Beberapa waktu lalu sekitar pertengahan tahun 2011 masyarakat muslim Yogyakarta dan sekitarnya diresahkan oleh munculnya selebaran gelap yang mengatasnamakan Manhaj Salaf. Tulisan 14 halaman tersebut berjudul Imam Syafi’i Mengharamkan Kenduri Arwah, Tahlilan, Yasinan dan Selamatan (hal iii). Selebaran tersebut tentu saja membuat masyarakat awam yang telah menjadikan tradisi kenduri sebagai bagian dari tradisi keagamaan menjadi resah. Tidak disangsikan lagi bahwa modus provokasi seperti itu biasa dilakukan oleh para pegikut Wahabi yang antipati terhadap tradisi keagamaan yang telah mengurat mengakar di masyarakat. Namun, setelah diadakan penelitian dan kajian mendalam terhadap selebaran itu itu, ternyata penuh dengan pemutarbalikan fakta dan tidak ada kejujuran ilmiah.

Karena itulah, Muhammad Idrus Ramli (penulis buku ini) merasa terpanggil untuk mengungkap kebohongan tersebut. Meski bentuknya mungil, buku berjudul “Benarkah Tahlilan dan Kenduri Haram?”, diuraikan secara gamblang pemutarbalikan fakta ilmiah yang biasa dilakukan oleh kelompok anti tahlil. Bahkan penulis mampu menyuguhkan pendapat-pendapat ulama panutan Wahabi yang menganjurkan bacaan Surat Yasin untuk orang yang telah meninggal dunia, sebagaimana Imam Ibnu al-Qoyyim al-Jauziyah, Imam Ibnu Katsir, dan bahkan pendiri Madzhab Wahabi Syeikh Muhammad ibn Abdul Wahab.
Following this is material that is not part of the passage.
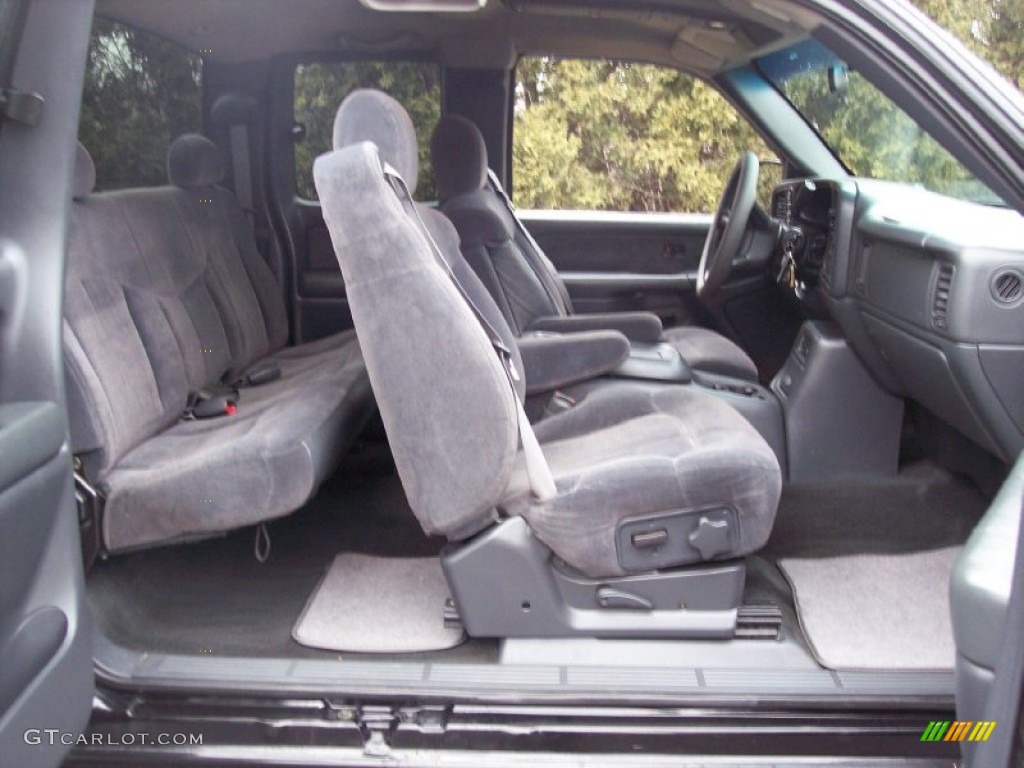 2001 Silverado 1500 LS Extended Cab 4x4 - Onyx Black / Graphite photo #37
Menurut penulis, buku ini memang muncul dilatarbelakangi banyaknya selebaran-selebaran gelap dan buku-buku yang berisi tentang tuduhan bid’ah dan syirik kepada para pengamal tahlilan dan tradisi Nahdliyin lainnya. Sebagai counter of discourse terhadap wacana-wacana Islam puritan, buku ini layak diapresiasi dan dianjurkan untuk dibaca oleh semua kalangan, baik santri, mahasiswa terlebih masyarakat awam yang membutuhkan penjelasan tentang dalil amaliah yang telah mentradisi di kalangan umat Islam Indonesia.

Kiai muda Nahdlatul Ulama yang produktif menulis ini menegaskan dalam bukunya bahwa klaim Imam Syafi’i yang dianggap mengharamkan kenduri kematian sama sekali tidak benar. Buktinya, dalam kitab al-Umm halaman 278 juz I, Imam Syafi’i malah menganjurkan para tetangga mengadakan jamuan makan untuk keluarga mayit (hal.2).

Dalam selebaran gelap tersebut ada kesan bahwa seluruh ulama salaf melarang menghidangkan makanan kepada orang-orang yang berta’ziyah. Namun lagi-lagi tuduhan itu mengada-ada. Bahkan dalam hadis riwayat Bukhari Muslim (2216) diceritakan bahwa saat salah satu keluarga Siti Aisyah meninggal, beliau menyuruh keluarganya membuatkan talbinah (bubur). Kemudian Aisyah menghidangkannya kepada para pentakziyah. Selain itu, Imam Ahmad Ibnu Hanbal meriwayatkan dari Imam Sufyan, bahwa Imam Thawus mengatakan jika orang mati akan diuji di dalam kubur selama tujuh hari, karena itu mereka (kaum salaf) menganjurkan sedekah makanan selama hari-hari tersebut. Menurut Imam as-Suyuti, hadis riwayat Imam Thawus tersebut dihukumi marfu’ dan dapat dijadikan hujjah (hal 11). Dari sini jelas bahwa selebaran gelap pengikut aliran Wahabi tersebut telah melakukan distorsi dan ketidakjujuran ilmiah, hanya membikin resah dan memecah-belah umat.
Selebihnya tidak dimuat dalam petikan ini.